Pero eso a nuestros “poderosos” personajes no les importa, asumen que el “poder” es una pócima mágica que, al poseerla, ésta nunca los abandonará, como si de una eterna lámpara maravillosa se tratara, la cual por el simple deseo del amo ésta los facultara para elaborar válidos discursos, verdades incuestionables y experiencias positivas en sus vasallos, orillándolos a rendir homenaje, a cederle sus derechos más elementales, su dignidad y el actuar en consecuencia de las necesidades y anhelos de su amo en turno. En términos generales, moldeando el presente y planeando el futuro, acomodando siempre todo para sí.
Lo paradójico de nuestros actores que reposan en las sillas y sillones del “poder”, es que asumen que la posesión de éste y su ejercicio es algo estático, algo inamovible, algo que les pertenece y nada ni nadie se los debe o puede arrebatar. Cuando, por el contrario, el “poder” es algo que no pertenece a nadie en absoluto, es un bien que se arrebata, se presta, se empeña y, en el menor de los casos, se hereda. El “poder” no tiene dueños, está en todos lados, pertenece a todos aun a aquellas personas que no cuentan con ningún tipo de capitales, méritos o suerte para aprehenderlo, moldearlo y ejercerlo.
Nuestros personajes con “poder” asumen que ya es algo de su patrimonio, un logro de vida, algo más que merecido, puesto que anduvieron por la vida arrastrándose, recogiendo las migajas del “poder” que sus amos, patrones o gobernantes dejaron a su paso.
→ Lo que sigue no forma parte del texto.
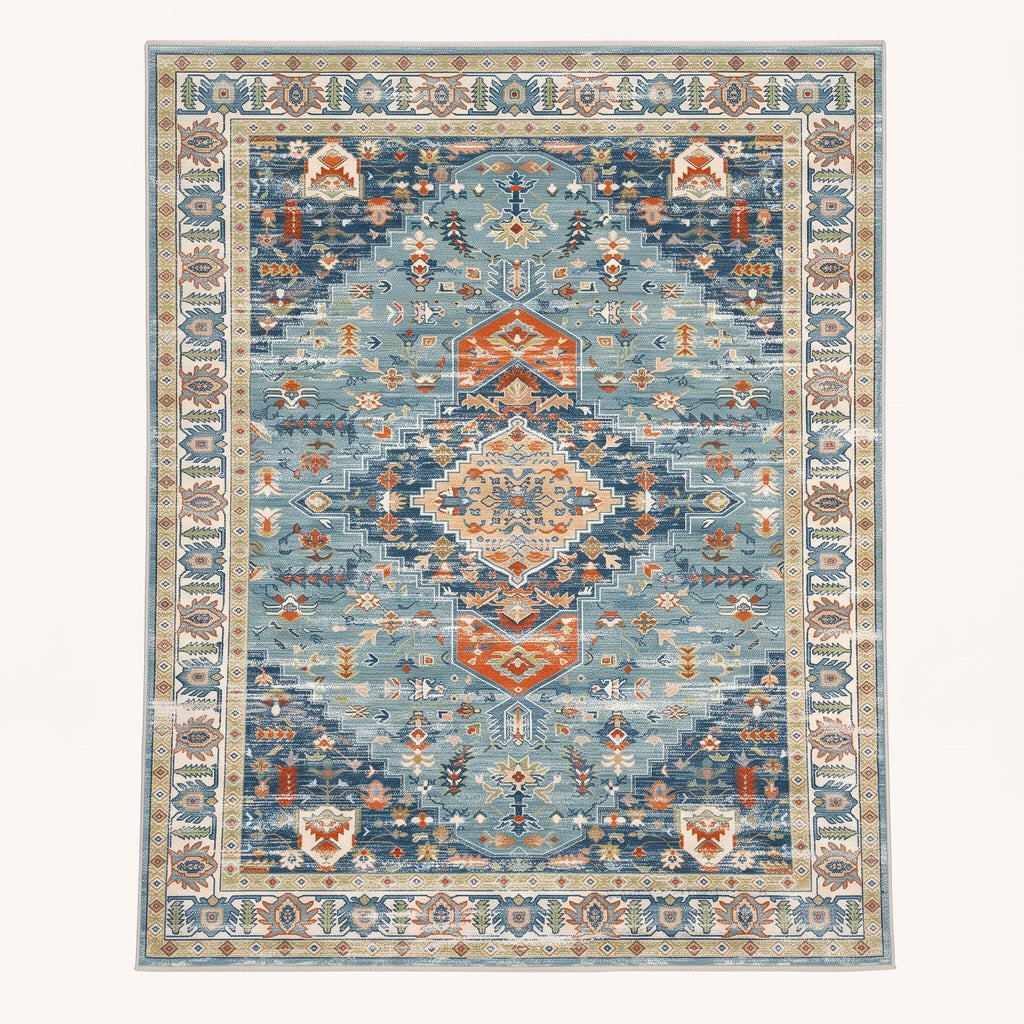 Leila Persian-style rug in aqua and sand, flat view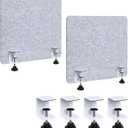 Desk Divider 2 Pcs Desk Privacy Panel 23.6'' x 23.6'',Acoustic Sound Absorbing and Noise Reducing Desk Partition for Office Desk,Clamp-on Desk Divider Partition with Adjustable Universal Base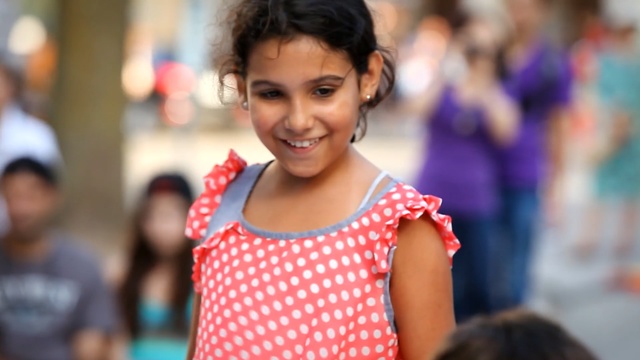 Video Reference: facial expression, child, girl, hairstyle, smile, fun, happiness, product, student, Person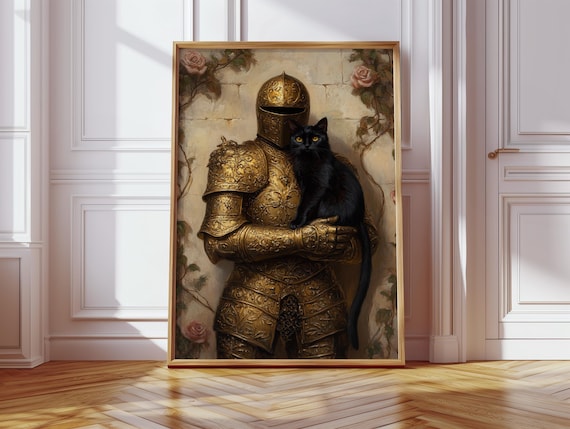 Golden Knight Holding Black Cat Whimsical Medieval Armor Art Poster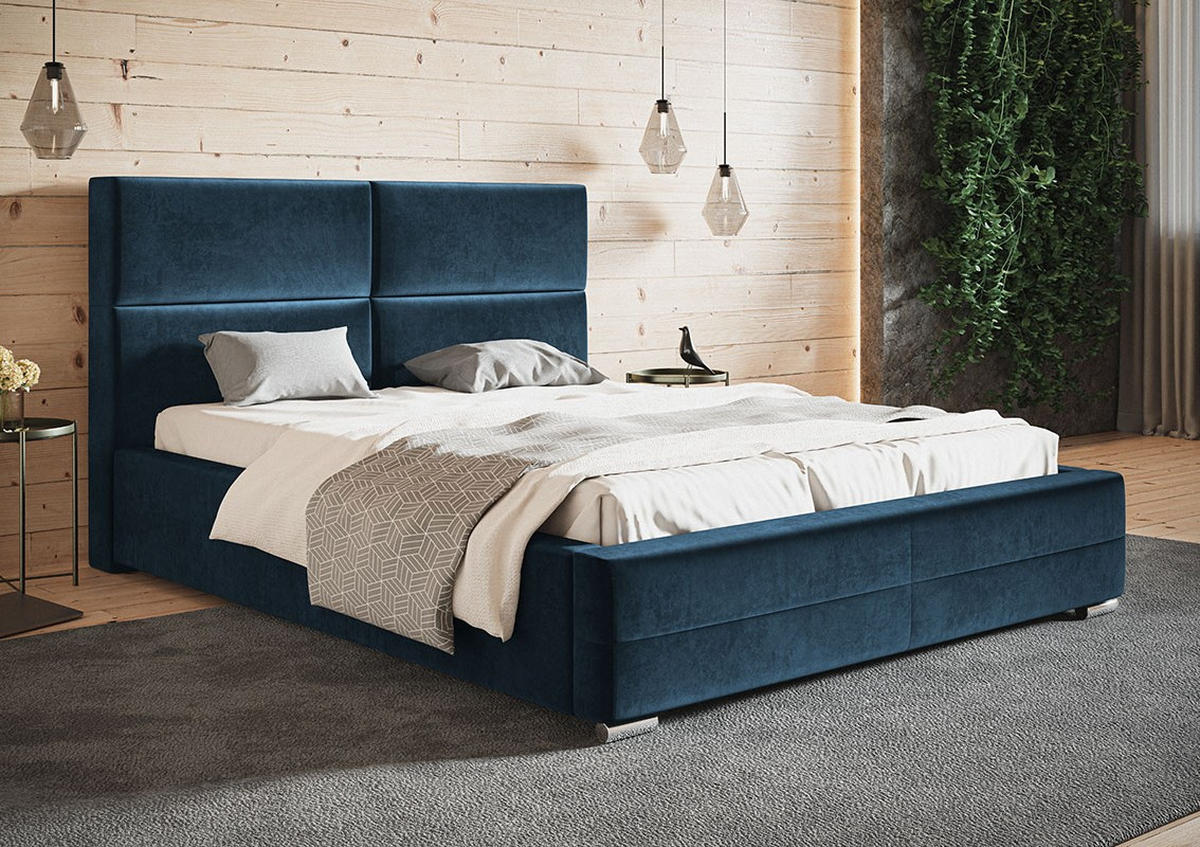 BETT Blau BEN 3 180x200 cm - Dunkelblau, Textil (180/200cm) - Sepro Meble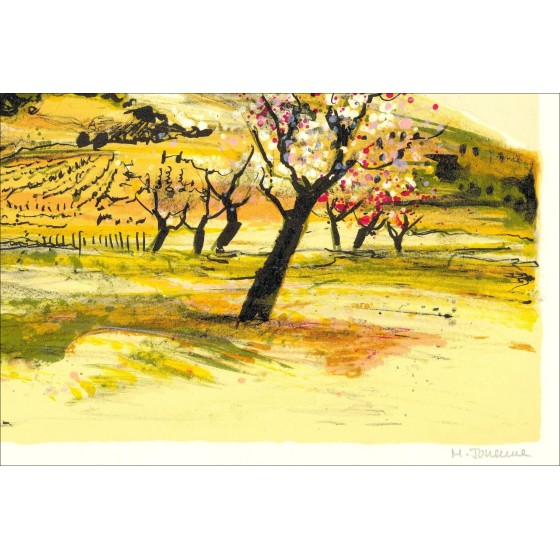 Michel Joyenne - Original-Lithographie "The Solutré Rock" 38x56cm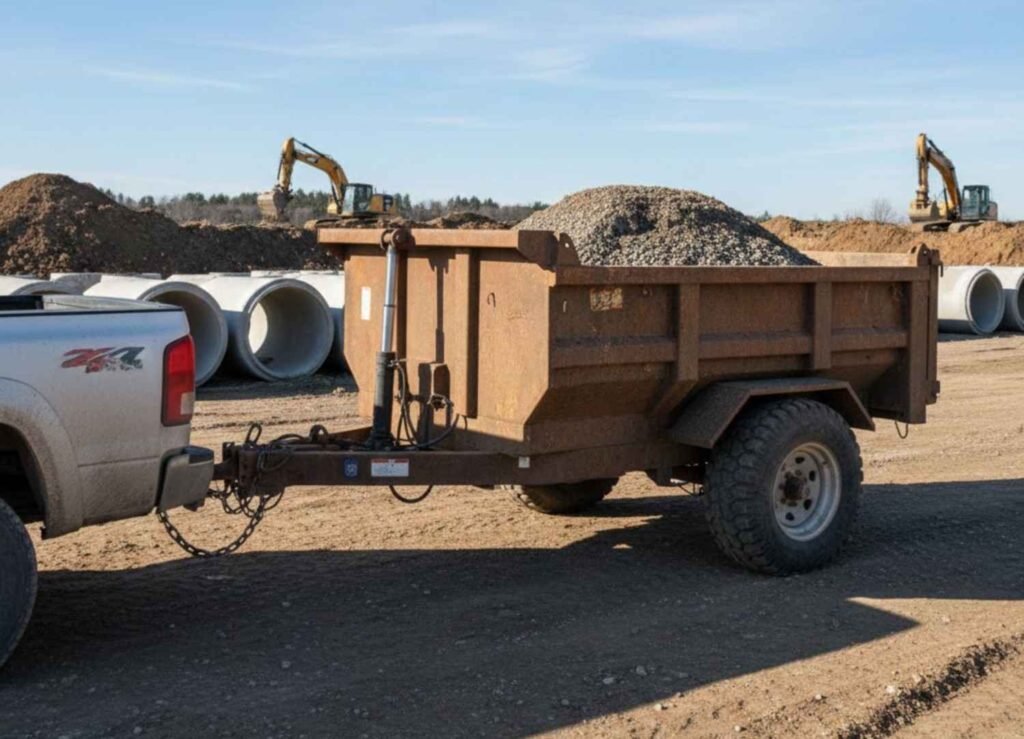 Small, rusty, single-axle dump trailer loaded with gravel and connected to the back of a pickup truck at a construction site.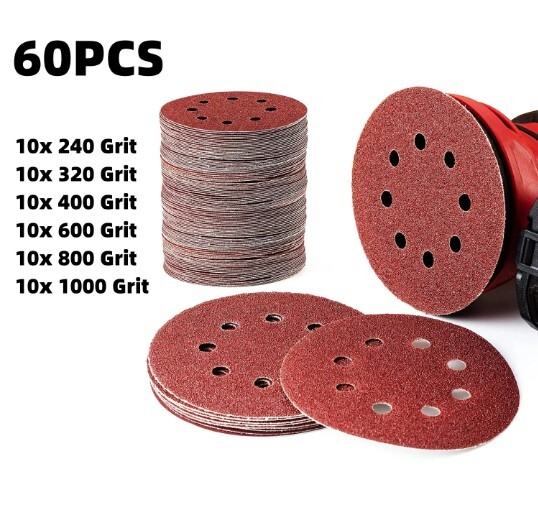 60Pcs 5″ Sanding Discs 8-Hole Orbital Sander Sandpapers 240-1000 Grit Sand Pads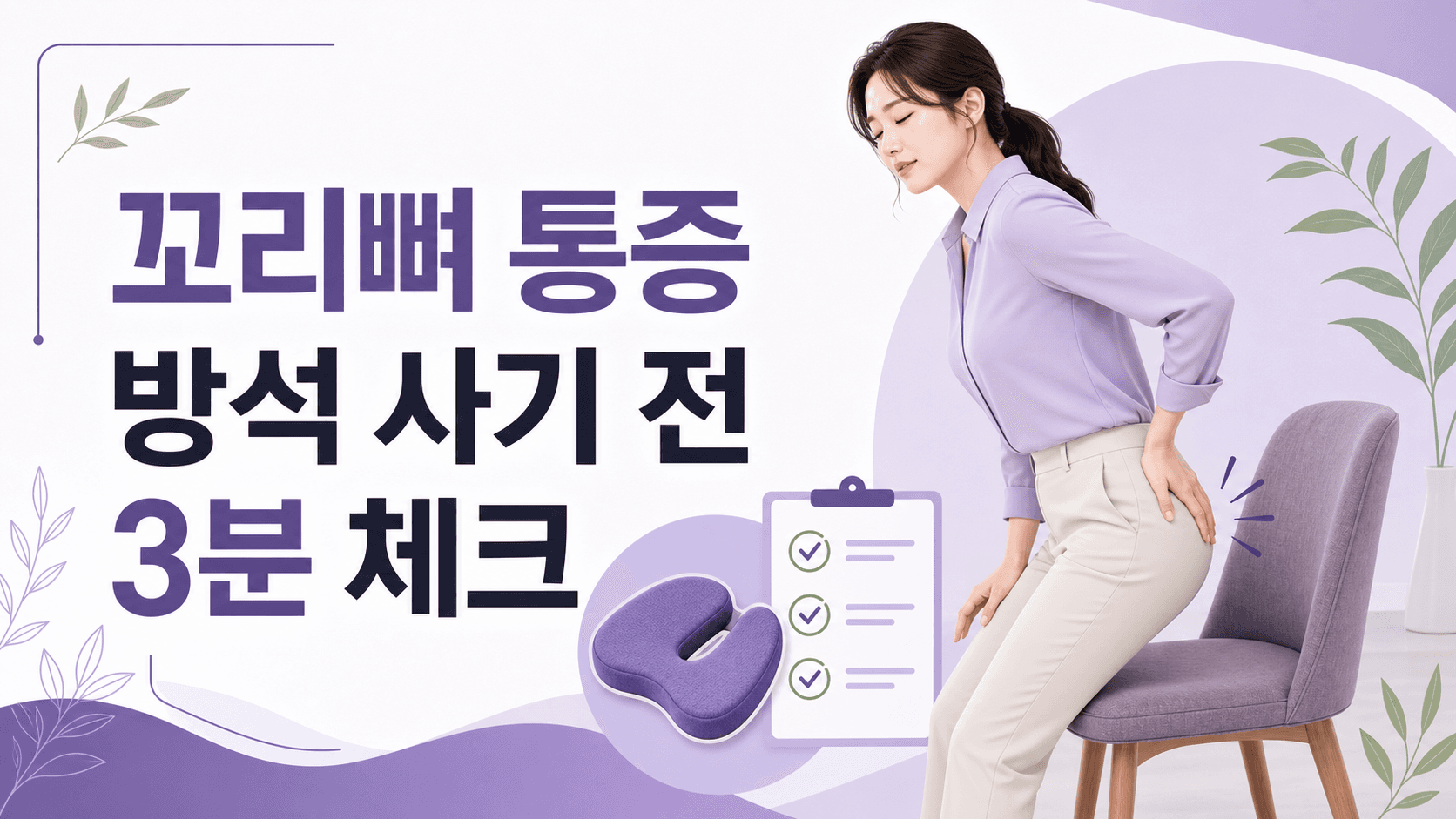 오래 앉으면 꼬리뼈 통증, 방석 사기 전 3분 체크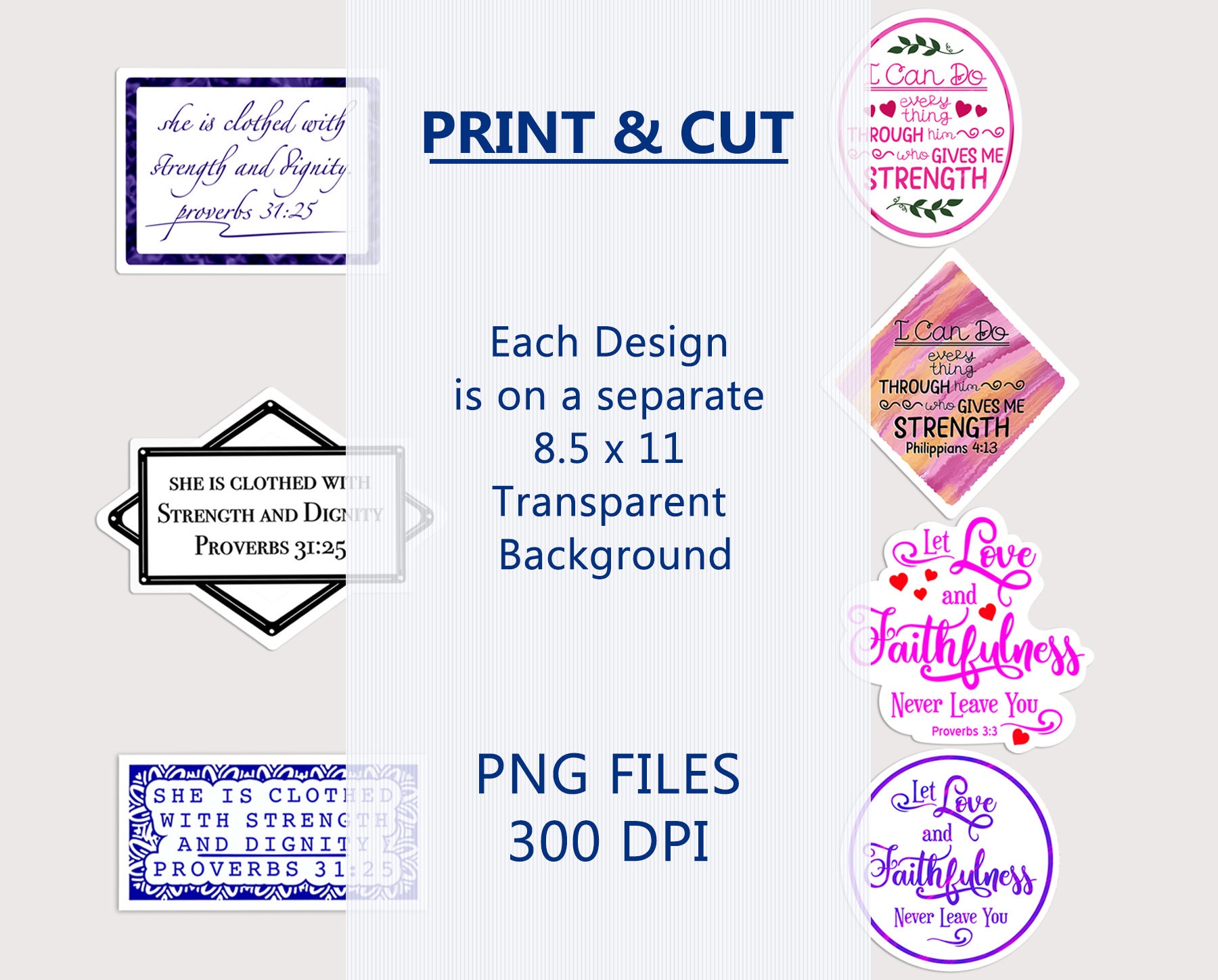Scripture Bible Verse Printable Stickers, Cricut Silhouette Print & Cut ...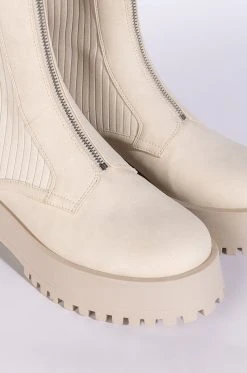 AZALEA WANG KENNEDY KNIT FRONT ZIP FLATFORM BOOTIE IN BONE 13 AZALEA WANG KENNEDY KNIT FRONT ZIP FLATFORM BOOTIE IN BONE -Azalea Wang store azalea wang kennedy knit front zip flatform bootie in bone bone 6 6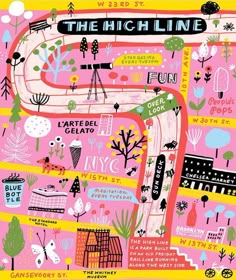 an illustrated map of the high line in new york city, with lots of trees and buildings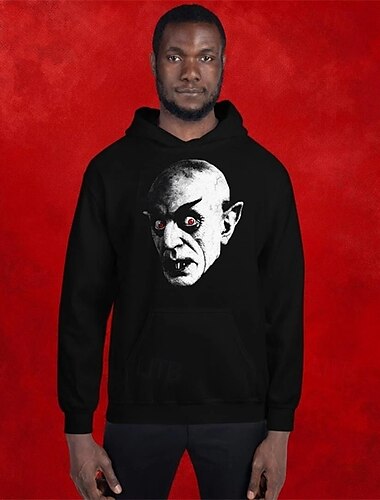  Nosferatu Vampiros Drácula Moletom Personagem Bolso frontal Arte Gráfica Para Homens Mulheres Unisexo Adulto Baile de Máscaras Hot Stamping Festa Casual / Diário
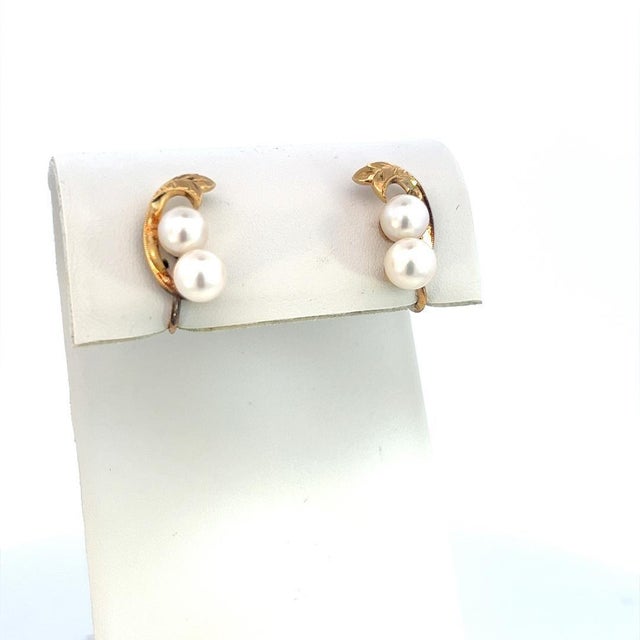 Mikimoto Estate Akoya Pearl Earrings 14k Y Gold 6.44 mm M393 These elegant Authentic Mikimoto Estate Akoya pearl earrings...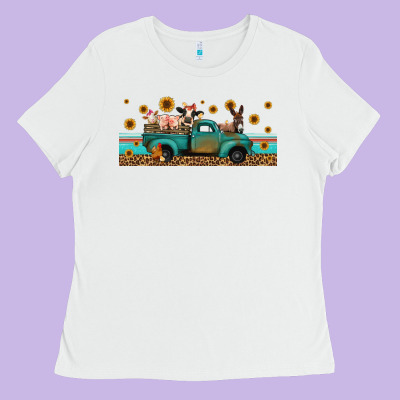 Western Animals Truck Ladies Tee Designed By Jasminsmagicworld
Se lo han ganado por caminar a su lado, ponerles el paraguas, lustrar su calzado, limpiar sus huellas y guardar silencio ante las más aberrantes acciones realizadas para mantener su “poder”, ese “poder” que también a ellos les fue prestado por un determinado tiempo.
Siempre el vasallo del “poder” alguna vez llegará a tener un pequeño trozo, lo utilizará desquiciadamente para sí y en detrimento de los demás. El espíritu de venganza siempre está presente, es una pulsión que anida en lo más profundo de las personas anhelantes del “poder”, de ese “poder” centralizado y centralizador, aunque, en la realidad, esos detentadores de “poder” no sean capaces, no tengan actitud, aptitud ni fuerza para hacer nada con él, incluso, muchas veces, no se poseen ni se gobiernan a sí mismos. La dignidad la dejaron olvidada en algún lugar en el que caminaron para obtener ese “poder”.
Sin duda, hoy atestiguamos el tiempo de inteligentes atontados y de pendejos enloquecidos, informalmente ha comenzado la carrera por el “poder”, donde todos saben que se van y se esfuerzan al punto del ridículo por mantenerse en la silla o el sillón prestado. Una vez más asistimos a la penosa procesión por el “poder”, ese “poder” local, muy local y localizado.
En nuestros “poderosos” aún permanece la aldeana percepción del “poder”, la que pondera su centralización, esa percepción ensimismada en sí y de sí, que sólo ve hacia adentro y pregunta única y continuamente a su “espejito, espejito” sobre su “poderío” en el porvenir.
Esa lógica impide al “poderoso” voltear hacia afuera, no le permite a ese rey desnudo computar los días que faltan para que a su “poder” prestado le llegue la fecha de caducidad y regrese, de nueva cuenta, al lugar del que emergió, al lugar de resignado súbdito y, desde ahí, comenzar de nuevo con las labores de vasallaje.